We need a quick and easy way to take our string of plaintext, and convert it character by character to numerical representations. There are several ways that a computer can think of a letter as a number (binary, ascii, etc), but let's try to create a method that's the same as what we've been using (`A = 0, B = 1, C = 2, ...`

etc).

The following code should do the trick:

```
LETTERS = 'ABCDEFGHIJKLMNOPQRSTUVWXYZ'
```

Having the string `LETTERS = 'ABCDEFGHIJKLMNOPQRSTUVWXYZ'`

combined with the `find()`

method allows Python to find a single character in the string `LETTERS`

and return the index where it's found. Because `LETTERS`

contains all the letters of the alphabet in order, this `find()`

operation is the same as converting the character to its numerical representation, provided the character is in `LETTERS`

.

For example:

```
print( LETTERS.find('A') )
print( LETTERS.find('P') )
```

We even could use a loop to print out each letter in the plaintexts numerical representation if we wanted:

```
for character in plaintext:
print( LETTERS.find(character) )
```

This is why making sure the plaintext is converted to upper-case letters is important. Since the string `LETTERS`

only contains the upper-case version of each letter and the `find()`

method is case-sensitive, attempting to find a lower-case letter or space from the plaintext string would return a value of `-1`

, which is not a correct numerical representation of the letter.

```
for character in plaintext:
print( LETTERS.find(character) + key )
```

You can see that since `LETTERS.find(character)`

is an integer, we can add the integer `key`

to it before printing. Now some of these numbers are bigger than `25`

, so we'll need to do something about that.

```
for character in plaintext:
print( (LETTERS.find(character) + key) % 26 )
```

All of these numbers are in the proper range of values, `0 - 25`

. Now we just need to convert them back to letters.

### 4. Use this value to determine the plaintext letter.
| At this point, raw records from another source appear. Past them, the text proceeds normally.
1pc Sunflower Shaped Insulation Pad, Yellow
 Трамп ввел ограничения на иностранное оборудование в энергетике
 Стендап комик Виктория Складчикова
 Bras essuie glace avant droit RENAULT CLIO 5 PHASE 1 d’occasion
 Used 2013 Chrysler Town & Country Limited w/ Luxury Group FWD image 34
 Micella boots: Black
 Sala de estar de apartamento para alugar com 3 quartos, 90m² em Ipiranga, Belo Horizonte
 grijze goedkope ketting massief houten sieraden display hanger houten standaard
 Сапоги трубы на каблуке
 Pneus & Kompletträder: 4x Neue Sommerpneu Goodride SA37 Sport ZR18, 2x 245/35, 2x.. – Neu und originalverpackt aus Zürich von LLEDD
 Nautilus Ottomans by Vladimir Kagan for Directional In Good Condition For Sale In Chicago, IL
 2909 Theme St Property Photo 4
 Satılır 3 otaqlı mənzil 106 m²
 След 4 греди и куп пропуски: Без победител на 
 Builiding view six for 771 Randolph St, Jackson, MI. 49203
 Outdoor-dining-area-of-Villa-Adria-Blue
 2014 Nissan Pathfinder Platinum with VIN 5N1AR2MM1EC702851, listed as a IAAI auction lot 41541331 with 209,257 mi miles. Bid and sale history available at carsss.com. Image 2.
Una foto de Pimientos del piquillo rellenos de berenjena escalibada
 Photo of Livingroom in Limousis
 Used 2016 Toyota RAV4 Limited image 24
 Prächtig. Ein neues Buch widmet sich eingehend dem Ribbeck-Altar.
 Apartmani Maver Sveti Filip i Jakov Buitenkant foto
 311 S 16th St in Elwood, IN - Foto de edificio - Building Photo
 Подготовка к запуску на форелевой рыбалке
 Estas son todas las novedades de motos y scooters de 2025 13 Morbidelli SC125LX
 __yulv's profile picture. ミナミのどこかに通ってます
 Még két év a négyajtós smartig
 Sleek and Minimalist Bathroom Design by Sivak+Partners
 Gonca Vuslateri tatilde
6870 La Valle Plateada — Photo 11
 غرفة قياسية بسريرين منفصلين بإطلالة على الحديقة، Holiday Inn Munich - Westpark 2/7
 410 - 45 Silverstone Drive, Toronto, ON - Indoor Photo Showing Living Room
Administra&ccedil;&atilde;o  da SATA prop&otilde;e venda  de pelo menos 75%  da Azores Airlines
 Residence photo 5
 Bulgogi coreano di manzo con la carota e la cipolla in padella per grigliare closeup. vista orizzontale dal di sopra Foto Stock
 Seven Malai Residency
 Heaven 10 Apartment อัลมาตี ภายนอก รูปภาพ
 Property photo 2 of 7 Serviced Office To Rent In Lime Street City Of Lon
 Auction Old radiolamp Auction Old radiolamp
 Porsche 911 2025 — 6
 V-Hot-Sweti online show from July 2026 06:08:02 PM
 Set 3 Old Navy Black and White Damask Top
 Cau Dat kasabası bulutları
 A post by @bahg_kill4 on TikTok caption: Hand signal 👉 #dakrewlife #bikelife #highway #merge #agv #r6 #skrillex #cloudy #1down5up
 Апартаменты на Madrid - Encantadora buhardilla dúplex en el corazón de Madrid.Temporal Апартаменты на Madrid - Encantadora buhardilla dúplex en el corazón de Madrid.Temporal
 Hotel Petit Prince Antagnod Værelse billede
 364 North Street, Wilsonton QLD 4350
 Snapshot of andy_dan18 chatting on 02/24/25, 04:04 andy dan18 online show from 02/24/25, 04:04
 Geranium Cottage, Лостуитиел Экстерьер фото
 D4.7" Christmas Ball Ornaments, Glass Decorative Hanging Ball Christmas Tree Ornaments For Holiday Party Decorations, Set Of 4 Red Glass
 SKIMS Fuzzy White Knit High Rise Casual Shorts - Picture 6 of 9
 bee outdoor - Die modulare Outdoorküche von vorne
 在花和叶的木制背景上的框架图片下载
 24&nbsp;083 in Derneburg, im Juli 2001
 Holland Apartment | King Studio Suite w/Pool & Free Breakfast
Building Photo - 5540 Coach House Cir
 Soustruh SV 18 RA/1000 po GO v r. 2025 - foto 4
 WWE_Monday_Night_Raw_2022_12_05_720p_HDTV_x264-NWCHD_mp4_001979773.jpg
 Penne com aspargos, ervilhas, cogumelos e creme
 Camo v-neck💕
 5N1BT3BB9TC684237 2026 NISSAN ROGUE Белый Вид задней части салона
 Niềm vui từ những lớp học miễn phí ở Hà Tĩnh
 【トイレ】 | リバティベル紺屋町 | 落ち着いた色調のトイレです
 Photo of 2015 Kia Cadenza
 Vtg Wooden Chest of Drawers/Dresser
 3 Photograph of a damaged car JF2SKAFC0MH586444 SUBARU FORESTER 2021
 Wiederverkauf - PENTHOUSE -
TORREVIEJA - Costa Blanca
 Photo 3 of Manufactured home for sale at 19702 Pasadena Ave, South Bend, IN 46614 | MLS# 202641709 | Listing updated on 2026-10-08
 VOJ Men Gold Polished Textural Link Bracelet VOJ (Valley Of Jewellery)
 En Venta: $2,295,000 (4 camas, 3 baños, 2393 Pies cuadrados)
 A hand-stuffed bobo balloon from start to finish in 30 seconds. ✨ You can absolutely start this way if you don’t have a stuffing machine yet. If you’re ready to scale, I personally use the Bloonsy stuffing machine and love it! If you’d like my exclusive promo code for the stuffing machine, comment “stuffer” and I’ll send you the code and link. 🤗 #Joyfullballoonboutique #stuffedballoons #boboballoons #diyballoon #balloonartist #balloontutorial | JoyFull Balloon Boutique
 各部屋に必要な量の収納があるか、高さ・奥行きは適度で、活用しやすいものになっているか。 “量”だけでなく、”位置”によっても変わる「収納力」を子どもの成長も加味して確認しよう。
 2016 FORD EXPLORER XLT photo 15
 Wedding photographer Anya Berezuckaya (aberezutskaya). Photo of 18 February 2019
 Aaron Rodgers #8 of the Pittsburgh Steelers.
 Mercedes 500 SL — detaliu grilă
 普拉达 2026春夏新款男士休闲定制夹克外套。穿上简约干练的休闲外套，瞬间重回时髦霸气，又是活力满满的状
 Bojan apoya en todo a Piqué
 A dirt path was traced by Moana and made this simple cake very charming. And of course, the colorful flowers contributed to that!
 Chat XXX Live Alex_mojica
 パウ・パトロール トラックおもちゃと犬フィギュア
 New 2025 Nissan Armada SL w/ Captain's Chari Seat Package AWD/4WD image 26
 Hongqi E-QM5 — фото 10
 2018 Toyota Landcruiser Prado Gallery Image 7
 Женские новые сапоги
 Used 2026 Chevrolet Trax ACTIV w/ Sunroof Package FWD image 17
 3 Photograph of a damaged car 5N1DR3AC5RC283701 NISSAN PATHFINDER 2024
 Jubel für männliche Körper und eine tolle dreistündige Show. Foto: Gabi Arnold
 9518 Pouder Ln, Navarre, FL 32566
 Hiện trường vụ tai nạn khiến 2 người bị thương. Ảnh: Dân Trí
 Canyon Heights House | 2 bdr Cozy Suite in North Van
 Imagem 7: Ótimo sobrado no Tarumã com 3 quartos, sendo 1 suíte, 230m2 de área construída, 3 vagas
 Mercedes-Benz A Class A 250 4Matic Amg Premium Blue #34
To convert these new numbers back to letters, we can utilize the `LETTERS`

string again. Instead of using it with the `find()`

method, which takes in a string or character, we'll use the index feature of strings to determine which character is found at a particular index. For example, if we had the numerical values of 7 and 15, we could use `LETTERS`

to determine they correspond to `H`

and `P`

by:

```
print( LETTERS[7] )
print( LETTERS[15] )
```

We could then do this for each numerical value we determined by including it as part of the loop. It's getting a bit messy, but using `(LETTERS.find(character) + key) % 26`

as the index value:

```
for character in plaintext:
print( LETTERS[ (LETTERS.find(character) + key) % 26 ] )
```

We now have a loop that iterates through each character of the string `plaintext`

and performs a Caesar Cipher to determine the corresponding letter in the `ciphertext`

. The last thing we'll want to do is store each letter to a new string instead of printing them out one at a time. Let's store each character to the string `ciphertext`

and then print once we've stored the entire message.

```
for character in plaintext:
ciphertext = ciphertext + LETTERS[ (LETTERS.find(character) + key) % 26 ]
print(ciphertext)
```

```
plaintext = 'zebras eat grass'
plaintext = plaintext.upper().replace(' ', '')
key = 7
ciphertext = ''
LETTERS = 'ABCDEFGHIJKLMNOPQRSTUVWXYZ'
for character in plaintext:
ciphertext = ciphertext + LETTERS[ (LETTERS.find(character) + key) % 26 ]
print(ciphertext)
```

This Code Vizualization.replace('+',+'')%0Akey+%3D+7%0Aciphertext+%3D+''%0ALETTERS+%3D+'ABCDEFGHIJKLMNOPQRSTUVWXYZ'%0A%0Afor+character+in+plaintext%3A%0A++++ciphertext+%3D+ciphertext+%2B+LETTERS%5B+(LETTERS.find(character)+%2B+key)+%25+26+%5D%0A++++%0Aprint(ciphertext)&mode=display&raw_input=&curInstr=0) illustrates how we're building the ciphertext string one character at a time.

### Exercise for the Reader

Can you write a similar function for deciphering a ciphertext generated by a Caesar Shift?